In Steak and Stations, this refracted sense of meaning comes through strongly in last lines of ‘free to drink’, lines which echo with holy communion and the act of consumption that defines it:
swallow consume be of that consumption
and consume for others then fall later
Unsurprisingly, there’s something unnerving in being confronted with the more (un)folkloric dimensions of folk-urban-englishness: it suddenly feels pressurised, as if simultaneously revealing and concealing depression.
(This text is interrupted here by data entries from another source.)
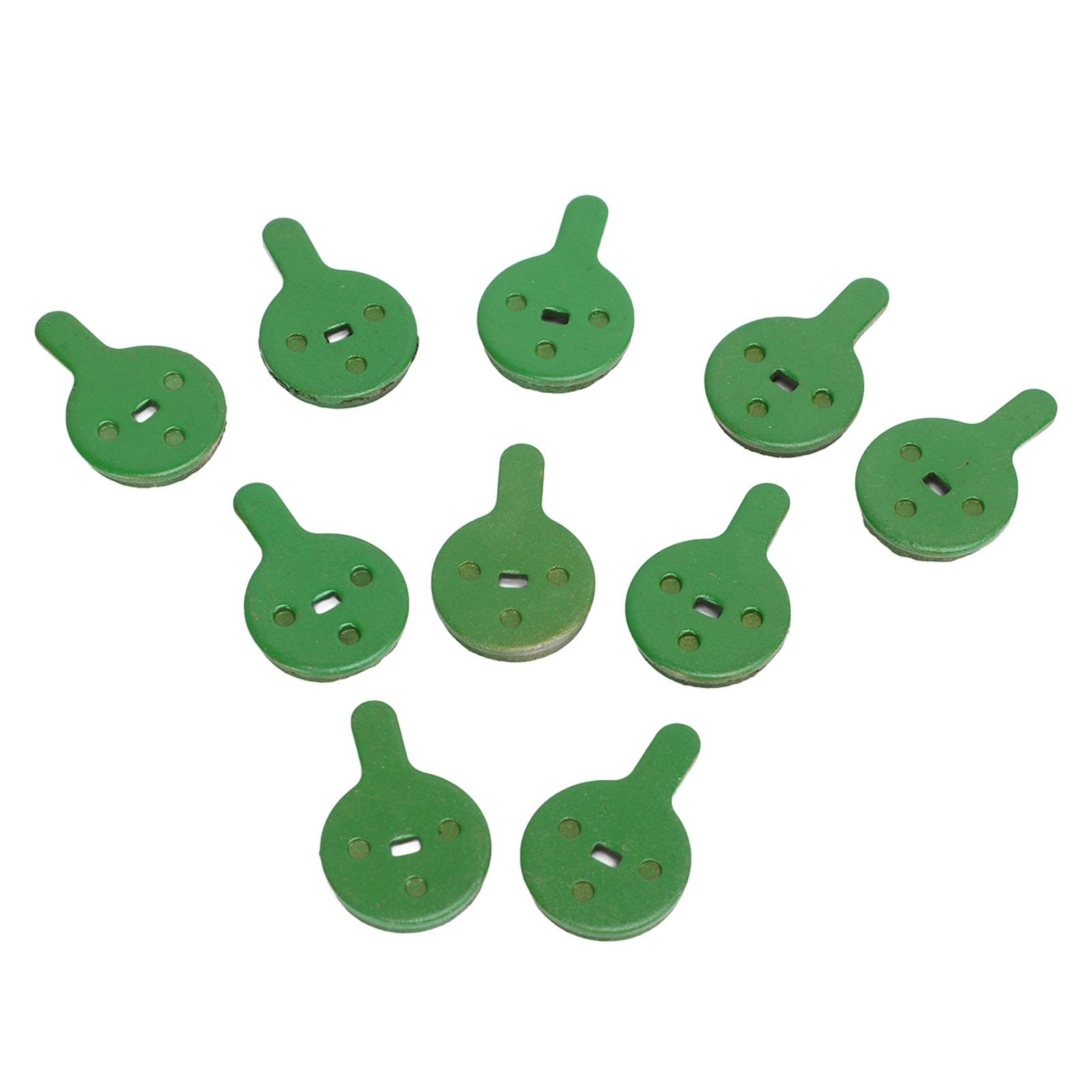 5 пар тормозных колодок, легкие, низкий уровень шума, плавное торможение, стойкие к выцветанию, замена для электросамоката Kugoo G2 Pro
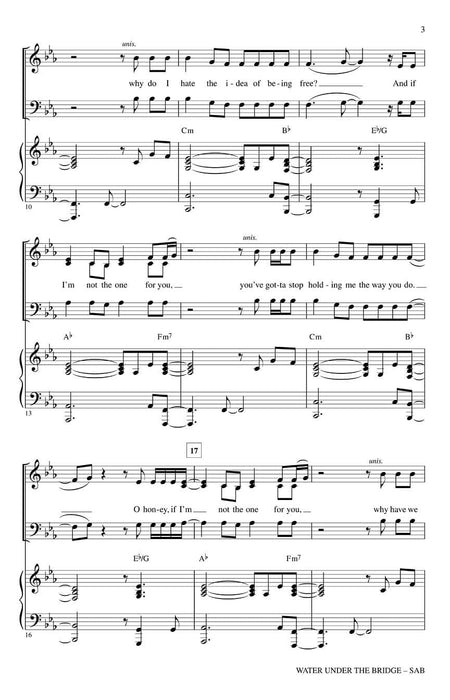 Water Under the Bridge | 小雅音樂 Hsiaoya Music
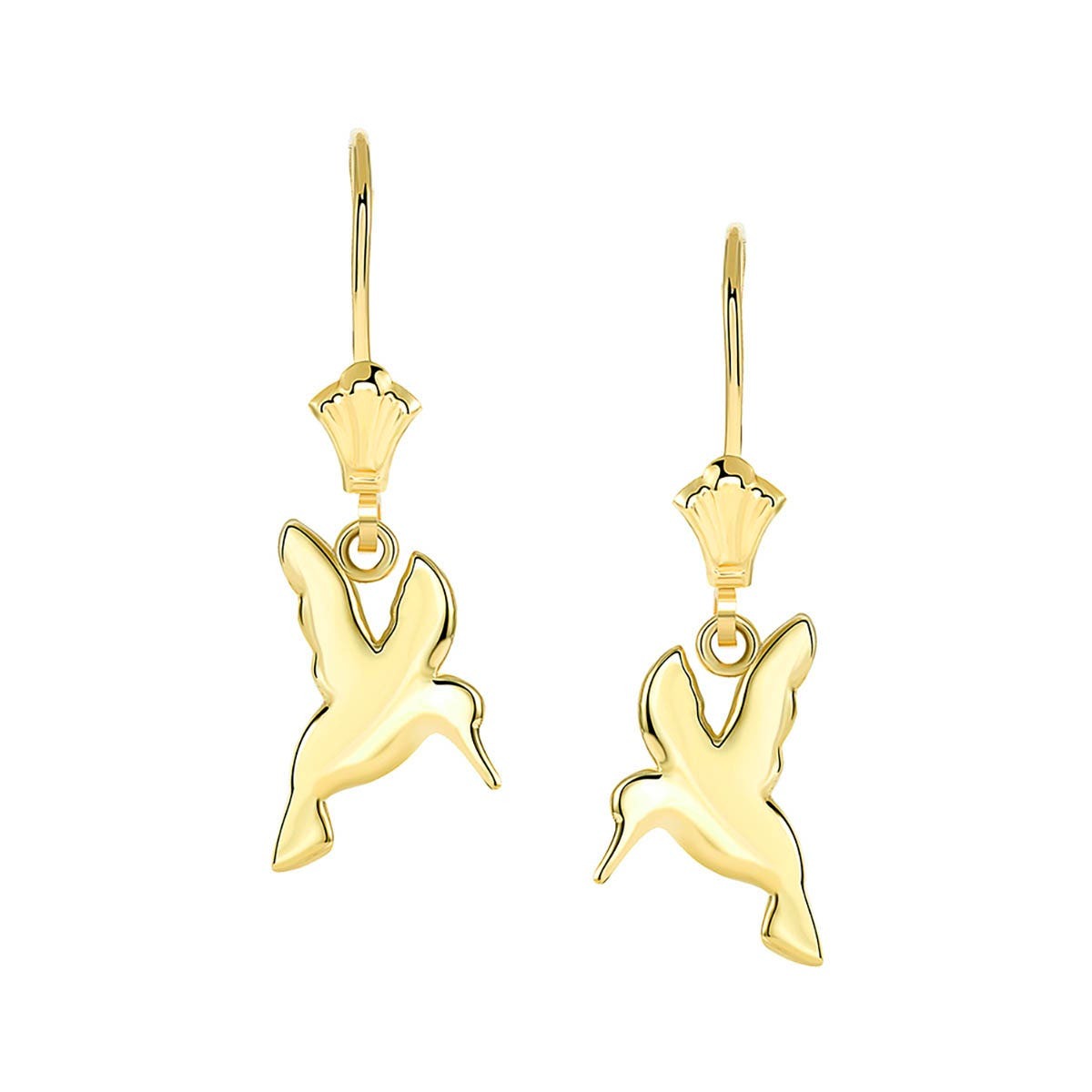 Gold Mens Earrings - Gold Boutique GOOFASH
But then there are more obvious moments where this unnerving sense comes to the surface, such as in ‘I’ve had a belli full!’ in Steak and Stations:
…renshaw street deserted apart from
a tramp sitting in his own piss calling solomon solomon
when I ignored him he called again solomon solomon
This strange double element, the pressure, the revealing and concealment of a depressed air, is not only down to Egan’s sense of humour, although this warrants a mention here. Referencing monopods (one-legged creatures found in ancient Greek mythology) in the poem ‘monopods’ from Folklores – Egan gives them a re-imagining as mutants:
the unfortunate children of chemical spillages
of released gasses of too many cigarettes
and ends with
my socks are going that way half a pair in hiding
they didn’t leap dead eyed at my hopping future.
And we find this grimy, absurd mode refined in Steak and Stations. The poem ‘the jobless man does nothing watches sky sports news all day’, tells the story of a man who gives his hands to someone ‘tired from toil’ on the pretext that he wasn’t using them, had ‘done nothing with them for months’.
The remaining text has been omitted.